The Real Housewives of Wall Street

America has two national budgets, one official, one unofficial. The official budget is public record and hotly debated: Money comes in as taxes and goes out as jet fighters, DEA agents, wheat subsidies and Medicare, plus pensions and bennies for that great untamed socialist menace called a unionized public-sector workforce that Republicans are always complaining about. According to popular legend, we're broke and in so much debt that 40 years from now our granddaughters will still be hooking on weekends to pay the medical bills of this year's retirees from the IRS, the SEC and the Department of Energy. Most Americans know about that budget. What they don't know is that there is another budget of roughly equal heft, traditionally maintained in complete secrecy. After the financial crash of 2008, it grew to monstrous dimensions, as the government attempted to unfreeze the credit markets by handing out trillions to banks and hedge funds.

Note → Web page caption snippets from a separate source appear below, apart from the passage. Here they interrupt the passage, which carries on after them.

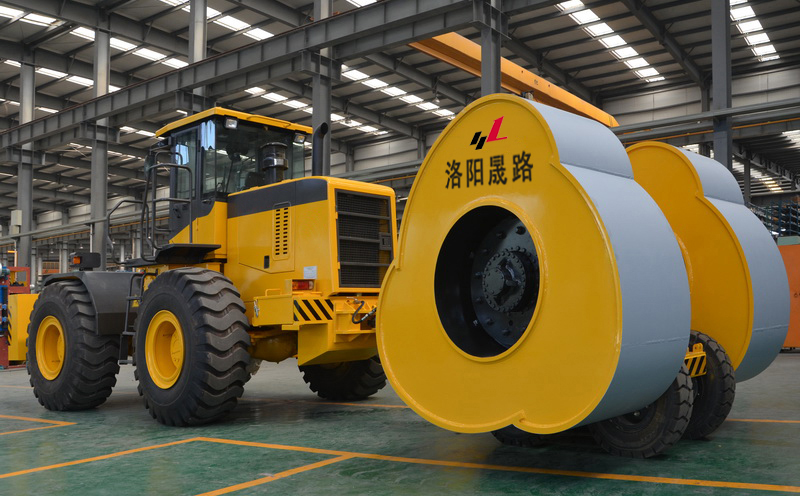 贵阳市梅花碾冲击式压路机租赁,梅花锤压路机二手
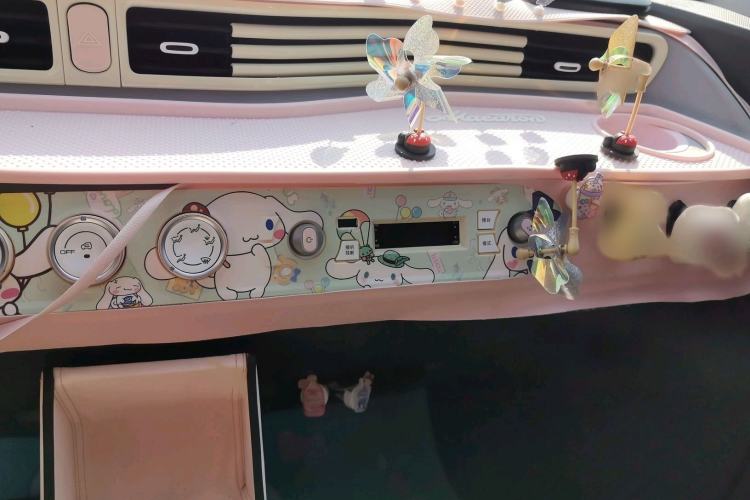 Used Wuling Hongguang MINIEV 2022 Macaron Premium Model – Lithium Iron Phosphate Interior 3
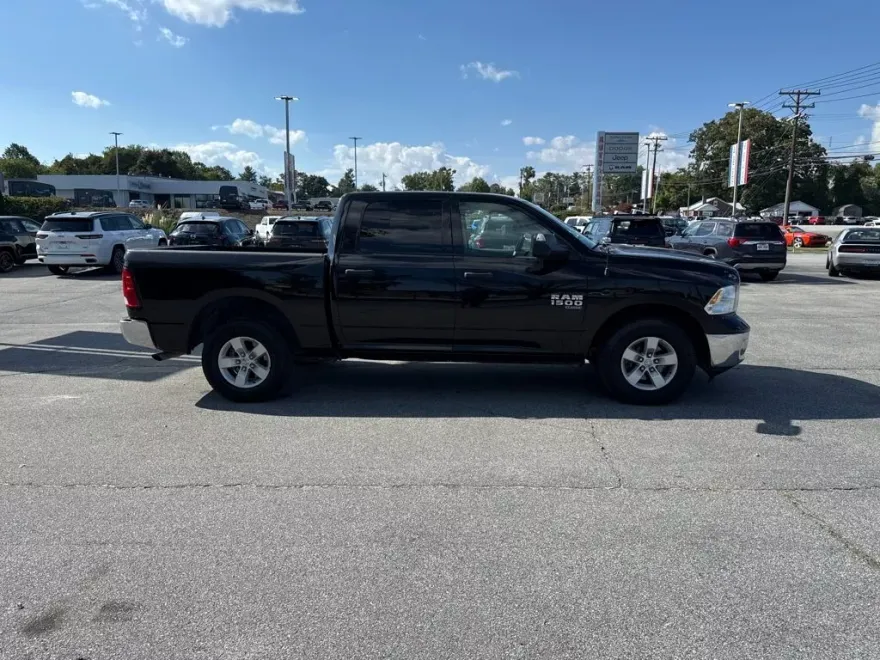 2023 Ram 1500 Classic SLT photo 1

And thanks to a whole galaxy of obscure, acronym-laden bailout programs, it eventually rivaled the "official" budget in size — a huge roaring river of cash flowing out of the Federal Reserve to destinations neither chosen by the president nor reviewed by Congress, but instead handed out by fiat by unelected Fed officials using a seemingly nonsensical and apparently unknowable methodology.
Now, following an act of Congress that has forced the Fed to open its books from the bailout era, this unofficial budget is for the first time becoming at least partially a matter of public record. Staffers in the Senate and the House, whose queries about Fed spending have been rebuffed for nearly a century, are now poring over 21,000 transactions and discovering a host of outrages and lunacies in the "other" budget. It is as though someone sat down and made a list of every individual on earth who actually did not need emergency financial assistance from the United States government, and then handed them the keys to the public treasure. The Fed sent billions in bailout aid to banks in places like Mexico, Bahrain and Bavaria, billions more to a spate of Japanese car companies, more than $2 trillion in loans each to Citigroup and Morgan Stanley, and billions more to a string of lesser millionaires and billionaires with Cayman Islands addresses. "Our jaws are literally dropping as we're reading this," says Warren Gunnels, an aide to Sen. Bernie Sanders of Vermont. "Every one of these transactions is outrageous..."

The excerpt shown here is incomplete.